Short web captions:

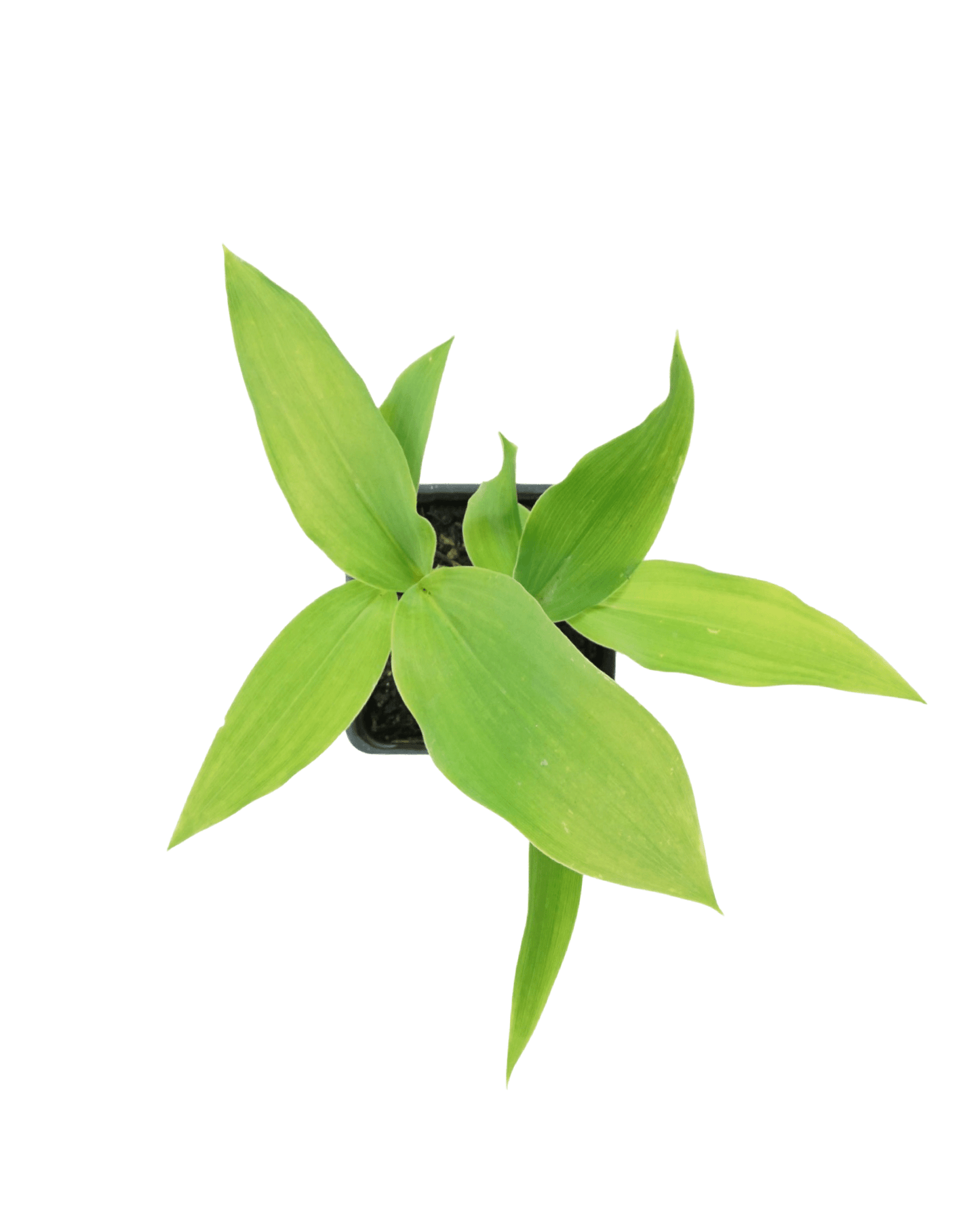 Convallaria majalis - The Garden Corner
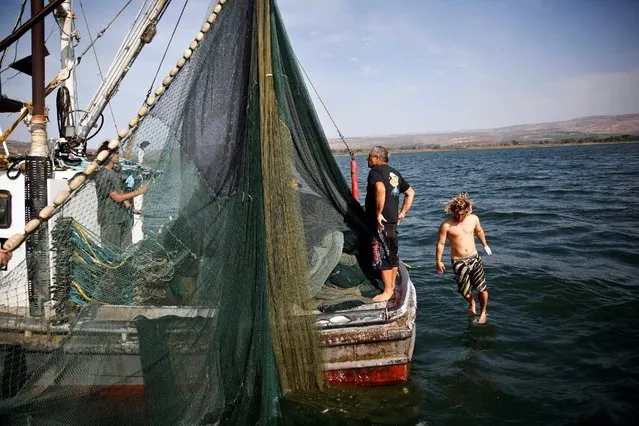 Menahem Lev, a fisherman from Kibbutz Ein Gev, stands on his boat as one of his employees jumps into the  Sea of Galilee, northern Israel November 20, 2016. (Photo by Ronen Zvulun/Reuters)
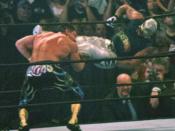 English: Rey Mysterio hitting his 619 (Tiger Feint Kick) finisher on Eddie Guerrero at WrestleMania 21. I took this picture personaly when I attended WWE's 21st annual WrestleMania PPV event.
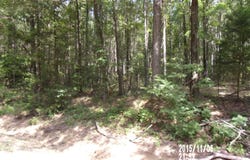 Old Hwy 12, Starkville, MS 39759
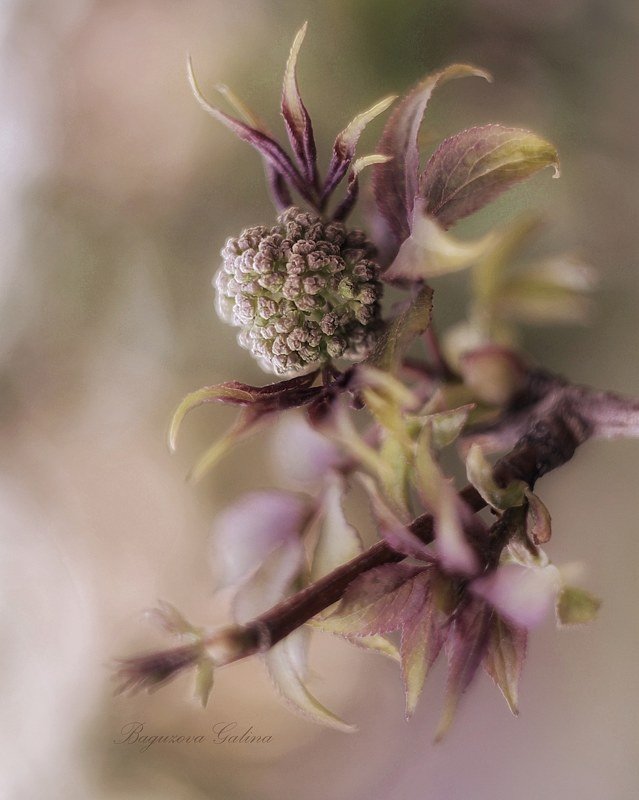 весна, макро, побег, растение, цветы Краски весныphoto preview
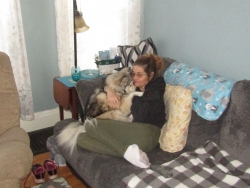 Filename=pets210310.jpg
Filesize=269KiB
Dimensions=1539x1158
Date added=Oct 31, 2025 pets210310.jpg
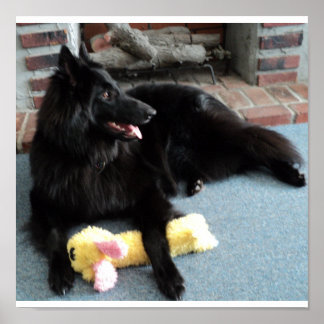 Belgian Shepherd by the Fireplace Poster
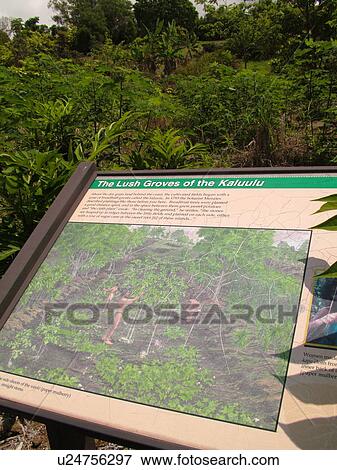 Stock Photo -  South Kona, Big Island, Island of Hawaii, HI, Hawaii, Kona Coast, Leeward, West Coast, Kealakekua, Amy B. H. Greenwall Ethnobotanical Garden, traditions of people and their plants, interpretive signs. Fotosearch
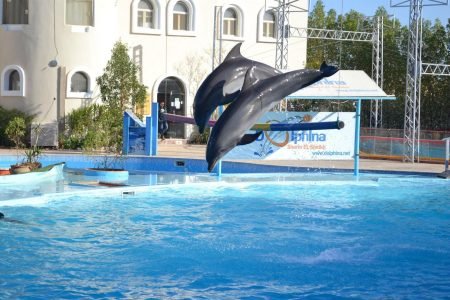 Spettacolo dei Delfini a Sharm el-Sheikh (Dolphin Show)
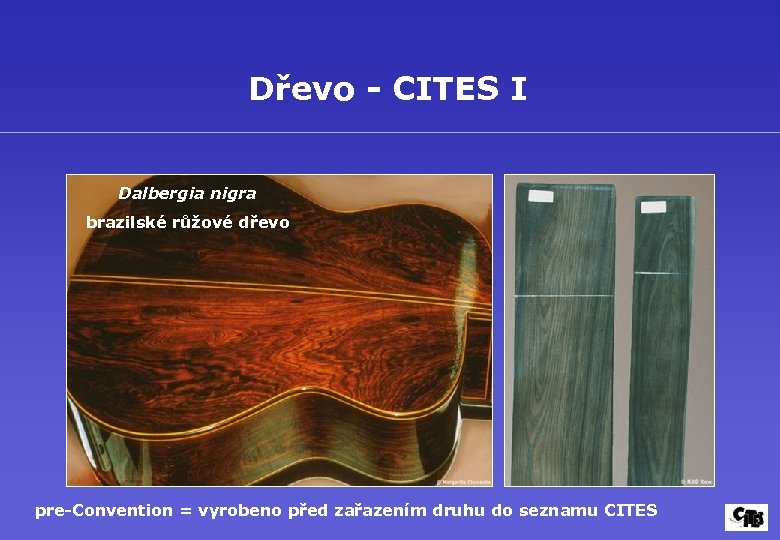 Dřevo - CITES I Dalbergia nigra brazilské růžové dřevo pre-Convention = vyrobeno před zařazením
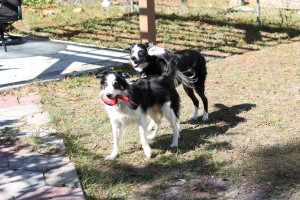 Boys playing with Nerf Football from January Pet Treater Box - The Homespun Chics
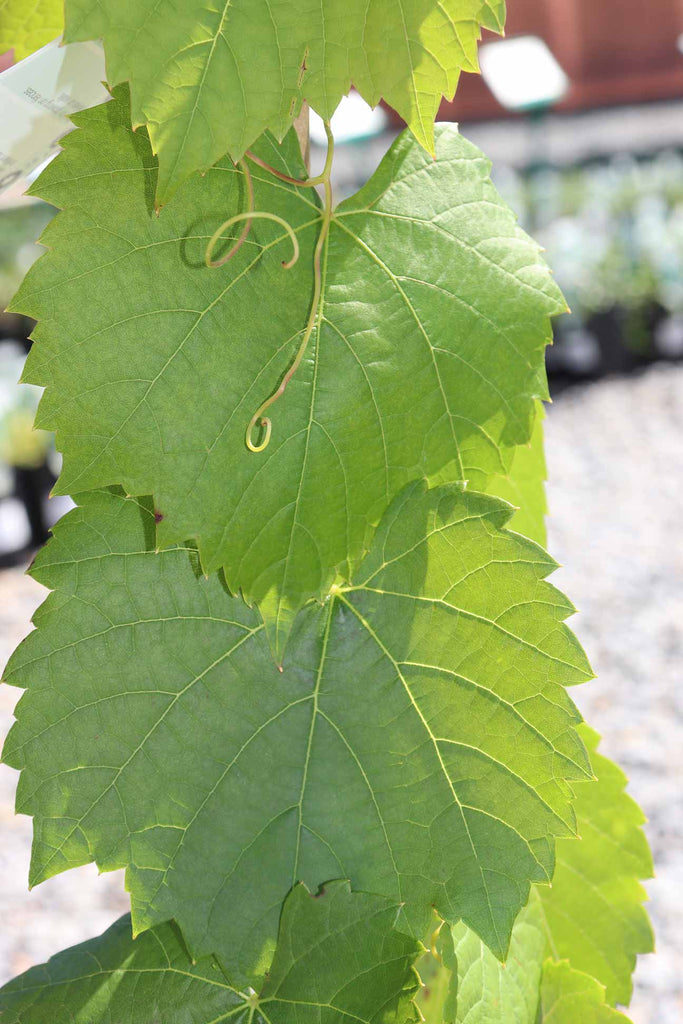 close up of the Vitis vinifera leaves
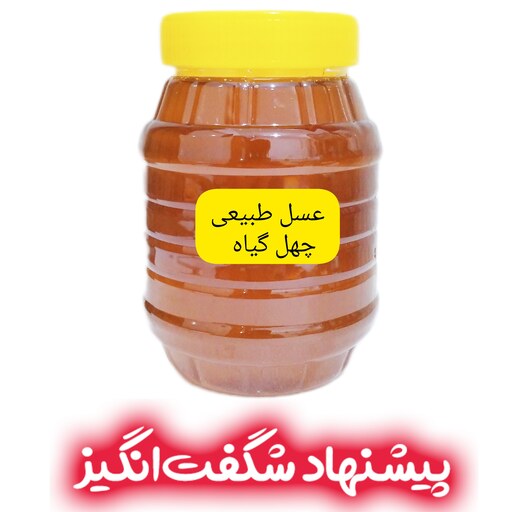 عسل طبیعی چهل گیاه 1 کیلویی سبلان(مستقیم از زنبوردار)ارسال رایگان فروش ویژه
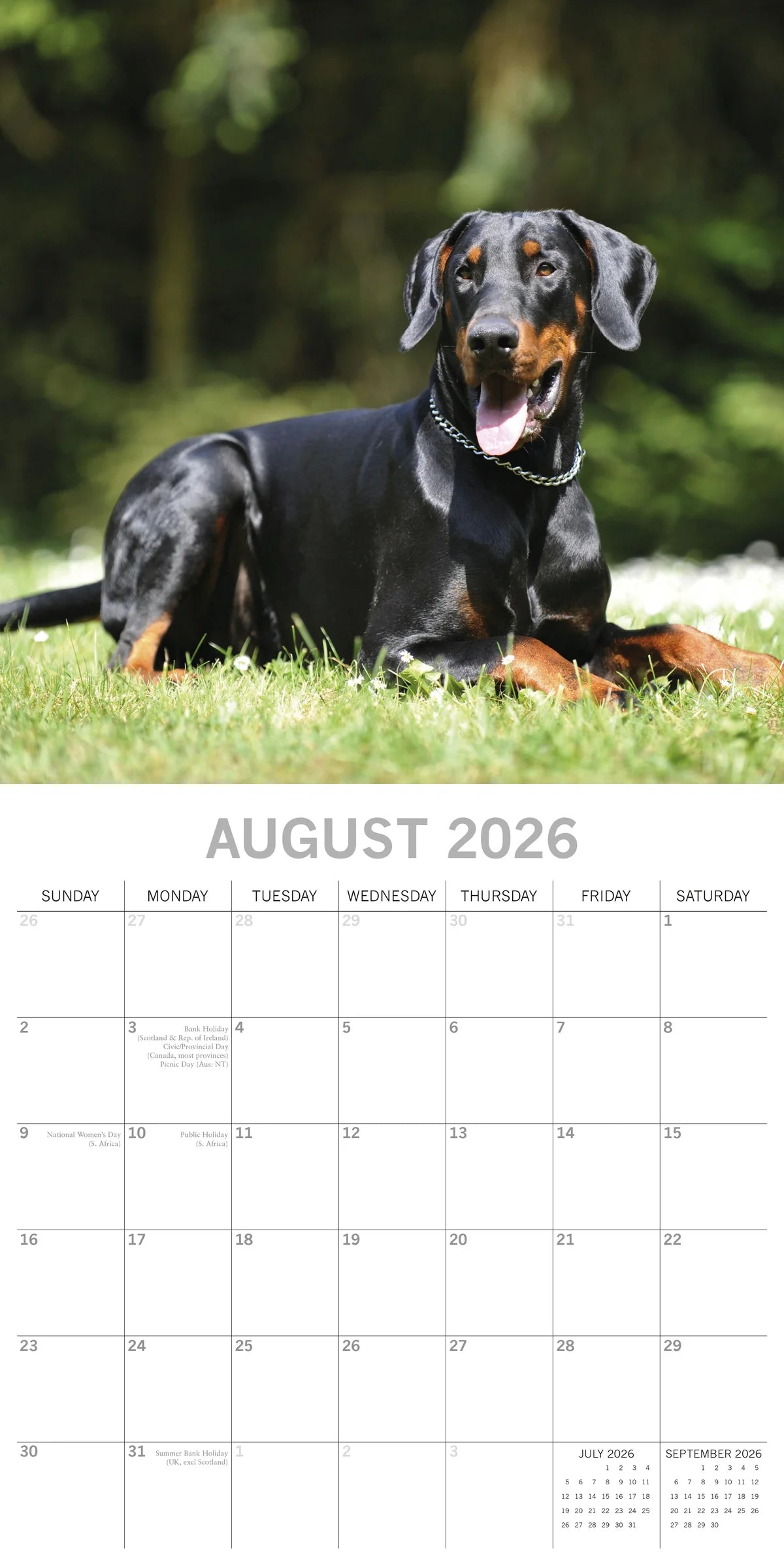 2026 Paw Prints Dobermans – Square Wall Calendar| The Gifted Stationery Co. (GSC26112)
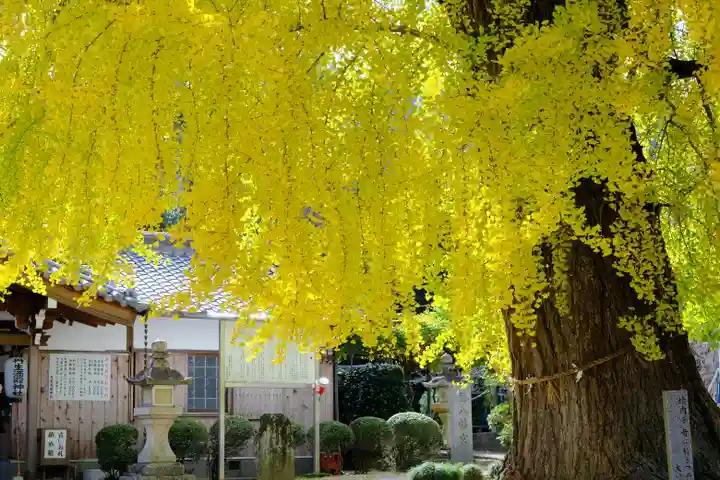 丹生酒殿神社(和歌山県)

▶ Instructions to follow
Print exactly the lines from the line with "2026 Paw Prints" through the end of the data, both ends included, and print no pictures.

▶ Your solution
 2026 Paw Prints Dobermans – Square Wall Calendar| The Gifted Stationery Co. (GSC26112)
 丹生酒殿神社(和歌山県)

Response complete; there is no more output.